Mimo obiecującego początku notowań w kolejnych godzinach handlu główne krajowe indeksy zostały zepchnięte pod kreskę. W okolicach półmetku sesji indeks WIG20 notowany był 0,7 proc. na minusie. Do większych zakupów generalnie nie zachęca brak zdecydowania inwestorów na zagranicznych rynkach akcji. Wczesnym popołudniem nieznaczną przewagę na parkietach z naszego regionu mieli kupujący, ale już na rynkach rozwiniętych nastroje były mniej optymistyczne, o czym świadczą spadki notowane większości giełd. Ich skala była jednak ograniczona.
Krajowe indeksy ciągną w dół dwie branże: energetyczna i sektor bankowy. Co ciekawe, większość banków rozpoczęła sesję na wyraźnych plusach, ale w dalszej części handlu do głosu doszli kupujący. Inwestorzy chętnie pozbywają się tez papierów Cyfrowego Polsatu i CD Projektu. Natomiast na celowniku kupujących znalazły się walory KGHM i Lotosu. Popyt pojawił się tez na akcjach firm odzieżowych.

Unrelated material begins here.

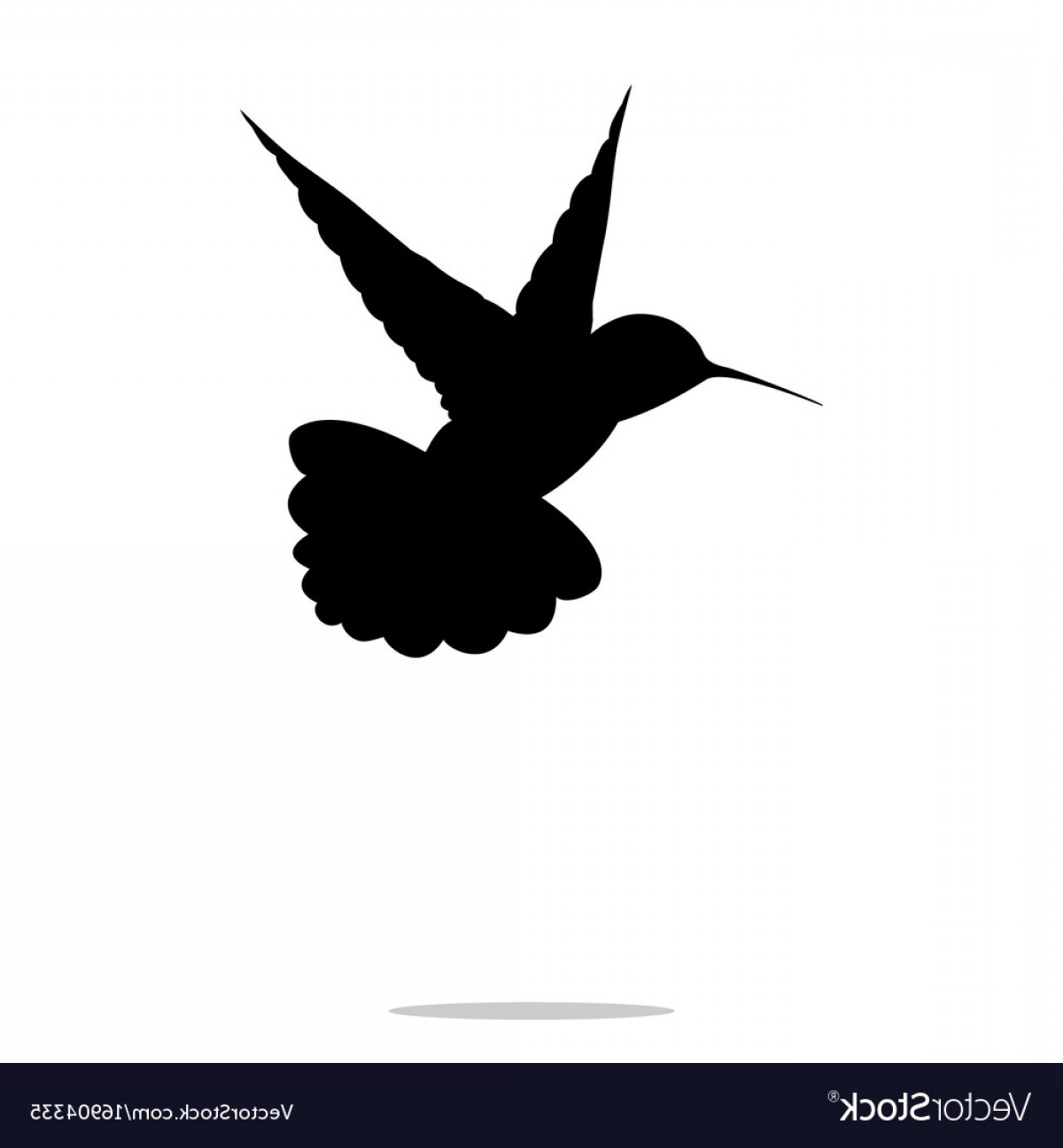 1200x1296 Hummingbird Black Silhouette Colibri Bird Animal Vector Soidergi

Minorowe nastroje zapanowały na szerokim rynku akcji. W okolicach półmetku sesji większość małych i średnich spółek notowana była pod kreską.
W gronie najmocniej drożejących znalazły się banki należące do Leszka Czarneckiego – Getin Noble i Idea Bank. Wystrzał notowań to odpowiedź na piątkowy komunikat o tym, że dwa fundusze private equity złożyły oferty na Getin Noble Bank.